From: Frederic Weisbecker on
On Tue, Jun 29, 2010 at 05:46:32PM +0200, Tejun Heo wrote:
> Hello,
>
> On 06/29/2010 02:18 PM, Frederic Weisbecker wrote:
> >> Yeah, well, that's kind of the whole point of cmwq. It would try to
> >> minimize the number of used workers but the provided concurrency will
> >> still be enough. No async probe will be stalled due to lack of
> >> execution context and the timings should be about the same between the
> >> original async implemetnation and cmwq based one.
> >
> > Right. I just don't know what is supposed to be slow on boot that
> > needs to use async.
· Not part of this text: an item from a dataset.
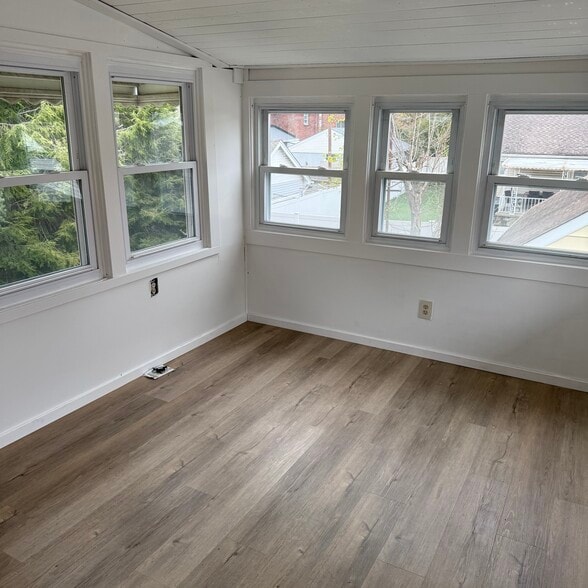 Sunroom - 45 N 21st St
Is that because reading some ports is slow or
> > because we need to do something and wait for some times to get the
> > result.
>
> It's things like ATA bus resetting and probing. They're usually
> composed of short CPU activities and rather long sleeps.


Ok.



> > If there is a question of slow ports to probe, then cmwq wouldn't seem the
> > right thing here, as it only forks when we go to sleep.
>
> I lost you here. If something during boot has to burn cpu cycles
> (which it shouldn't, really), it has to burn cpu cycles and having
> multiple concurent threads won't help anything.



It would on SMP.



> If something doesn't
> burn cpu cycles but takes long, it gotta sleep and cmwq will start a
> new thread immediately. So, can you please elaborate why cmwq would
> be problematic?


No in this case it's not problematic, as far as the things that were using
async have a small cpu burn and long sleep waiting, it looks like cmwq
fits :)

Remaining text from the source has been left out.